Io penso sempre che la letteratura sia un fatto personale, un’esperienza «privata». La scuola può dare un quadro di riferimento, ma la passione vera è quella di una lettura fatta da individui che sono interessati a certi libri e a certi temi. Il pericolo di una lettura fatta esclusivamente in base alla critica testuale è quello di studiare solo le forme, le strutture, e di dimenticare le idee, i sentimenti che sono all’interno di un’opera letteraria e che hanno generato l’opera stessa.
Con quali conseguenze?
Se si riduce un testo ad una serie di strutture e rapporti, o uno studente smette di leggere, o – se legge – diventa una specie di ragioniere del testo, non un lettore appassionato. Queste forme devono essere sempre riportate ad un centro, che è l’individualità dell’opera, il motivo per cui l’opera è stata scritta.

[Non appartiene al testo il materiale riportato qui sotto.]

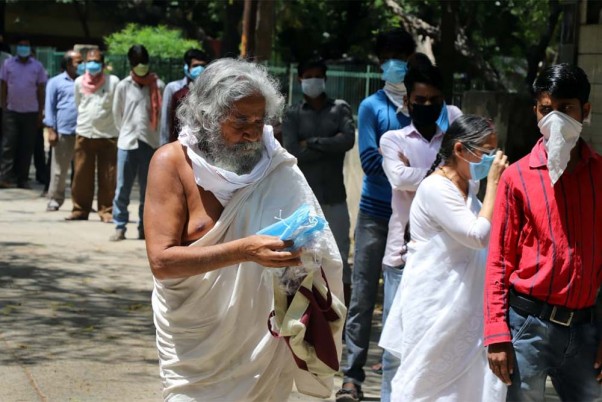 कोरोना वायरस के प्रसार को रोकने के लिए लॉकडाउन के बीच राजधानी दिल्ली के शाहपुरजट क्षेत्र में लोगों को फेस मास्क वितरित करते स्वयंसेवक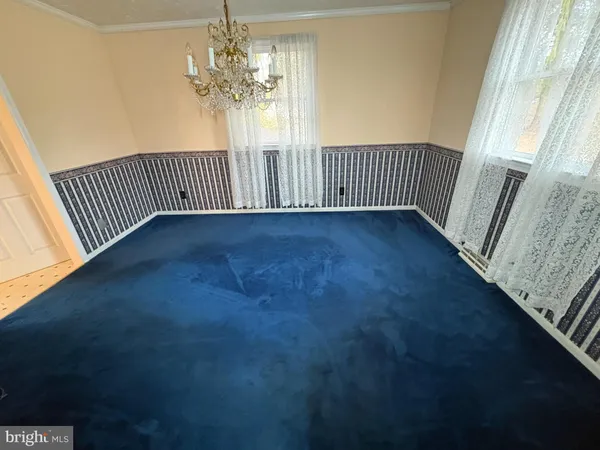 a bathroom with a toilet and a sink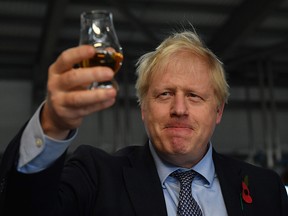 British Prime Minister Boris Johnson tastes whisky during an election campaign visit to Diageo's Roseisle Distillery near Elgin, northeast Scotland, on Nov. 7, 2019.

Come si può favorire un approccio come quello che lei descrive?
Occorre spendere più tempo ad assaporare il testo che si ha davanti, favorendo l’incontro e lo sviluppo di un punto di vista personale; stabilire un insieme di rapporti giudiziosi tra autori, opere, campi del sapere che nella scuola, purtroppo, si trovano troppo spesso artificiosamente distinti. Si leggono Manzoni o Nievo senza stabilire nessi tra i fatti narrati e le vicende, i gusti e le tendenze del tempo e questa è una mancanza che avvilisce i ragazzi. Se poi si sommerge un giovane di nozioni, non si ottiene nulla.
C’è un dilemma che ritorna: se per favorire l’incontro personale si dà spazio alla libera scelta, non c’è il rischio di dimenticare i classici che hanno fatto la nostra storia letteraria?
Le do ragione: non si possono non coltivare certe letture che sono al fondamento della nostra identità. A maggior ragione se è vero, come si dice sempre, che la nostra identità di popolo è fatta sulla cultura e dunque sulla letteratura. D’altra parte non per questo non ci si può aprire alla modernità. Anche qui c’è una misura: certe opere devono rimanere, con garbo se ne devono aggiungere altre.
In altri termini?
Far leggere John Grisham per stimolare l’interesse dei giovani sarebbe una cosa del tutto fuori posto. Come ho già detto, sono la misura e l’equilibrio le virtù che mancano troppo spesso nel mondo della scuola.
Se diamo per superati (o quasi) gli schematismi della narratologia e dello strutturalismo, qual è l’ostacolo maggiore che incontrano i giovani delle ultime generazioni nell’approccio con il testo?
La concorrenza della multimedialità, della distrazione televisiva. Qui la scuola dovrebbe e potrebbe fare molto, insegnando a guardare criticamente le fonti di informazione, additandone la banalità diffusa, svelandone la retorica e il conformismo. Basterebbe richiamare l’attenzione, per esempio, sul fatto che la maggioranza dei vocaboli inglesi che si dicono continuamente vengono pronunciati male; o sui registri così spesso ridicoli dell’informazione dall’inchiesta «a 360gradi» al «panorama mozzafiato» o all’abuso della parola «genio», ormai inflazionata e attribuita a individui certamente al di sotto dell’intelligenza media… La scuola dovrebbe attaccare una tv così ingombrante e invasiva. Secondo me i ragazzi non aspettano altro, perché dopotutto sono ironici, sotto la pelle hanno spirito critico. Occorre risvegliarlo.